THE DATA:
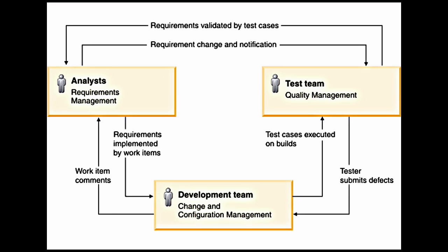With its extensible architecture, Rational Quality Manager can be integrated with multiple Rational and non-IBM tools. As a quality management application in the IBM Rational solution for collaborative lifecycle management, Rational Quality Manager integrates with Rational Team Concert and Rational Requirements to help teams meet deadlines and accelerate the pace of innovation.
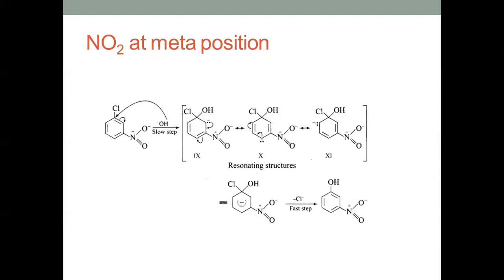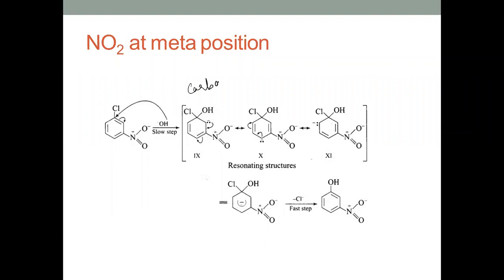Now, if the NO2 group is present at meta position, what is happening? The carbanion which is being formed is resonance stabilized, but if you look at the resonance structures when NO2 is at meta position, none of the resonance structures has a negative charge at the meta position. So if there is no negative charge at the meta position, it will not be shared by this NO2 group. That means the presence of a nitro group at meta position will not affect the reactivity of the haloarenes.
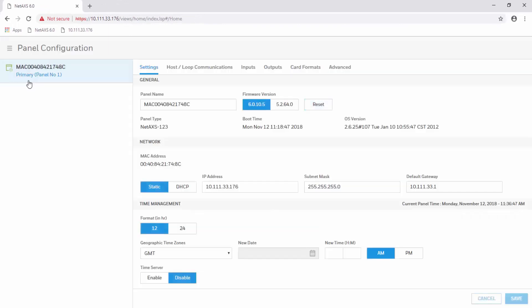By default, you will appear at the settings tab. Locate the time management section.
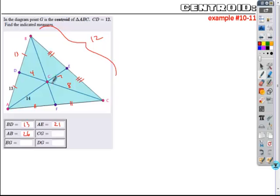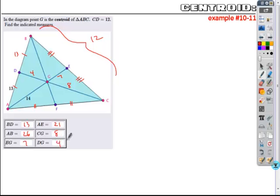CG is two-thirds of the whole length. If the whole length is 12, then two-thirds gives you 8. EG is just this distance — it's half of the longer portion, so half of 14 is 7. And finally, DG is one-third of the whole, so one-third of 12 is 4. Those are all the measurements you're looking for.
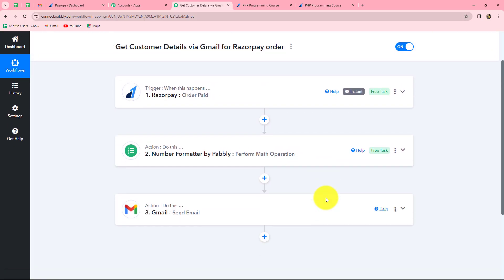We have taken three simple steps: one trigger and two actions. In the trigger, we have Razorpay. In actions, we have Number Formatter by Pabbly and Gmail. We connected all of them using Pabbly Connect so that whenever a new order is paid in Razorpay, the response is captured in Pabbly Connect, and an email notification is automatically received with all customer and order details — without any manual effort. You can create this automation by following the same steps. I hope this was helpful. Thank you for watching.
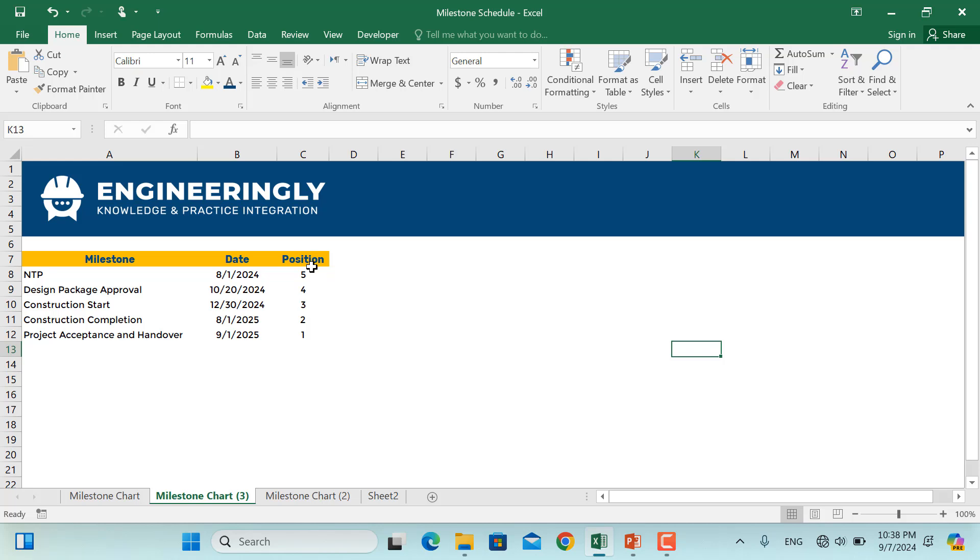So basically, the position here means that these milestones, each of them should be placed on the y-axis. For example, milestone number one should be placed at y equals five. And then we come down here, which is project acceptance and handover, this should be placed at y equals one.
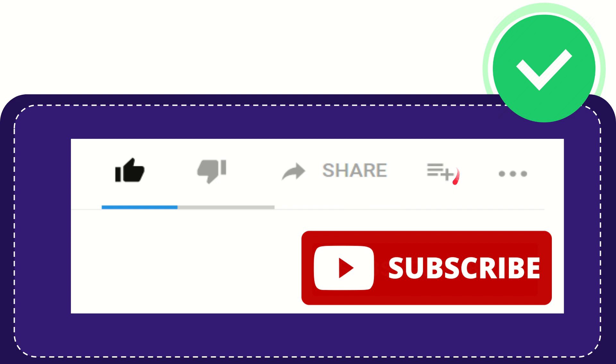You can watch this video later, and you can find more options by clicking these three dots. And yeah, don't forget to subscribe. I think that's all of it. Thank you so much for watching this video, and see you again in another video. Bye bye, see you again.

INSTRUCTIONS FOR THE TASK: Without the pictures, reproduce each line from the one containing "So basically, the" through the last line of the material above, both of those lines included.

TASK OUTPUT:
So basically, the position here means that these milestones, each of them should be placed on the y-axis. For example, milestone number one should be placed at y equals five. And then we come down here, which is project acceptance and handover, this should be placed at y equals one.
You can watch this video later, and you can find more options by clicking these three dots. And yeah, don't forget to subscribe. I think that's all of it. Thank you so much for watching this video, and see you again in another video. Bye bye, see you again.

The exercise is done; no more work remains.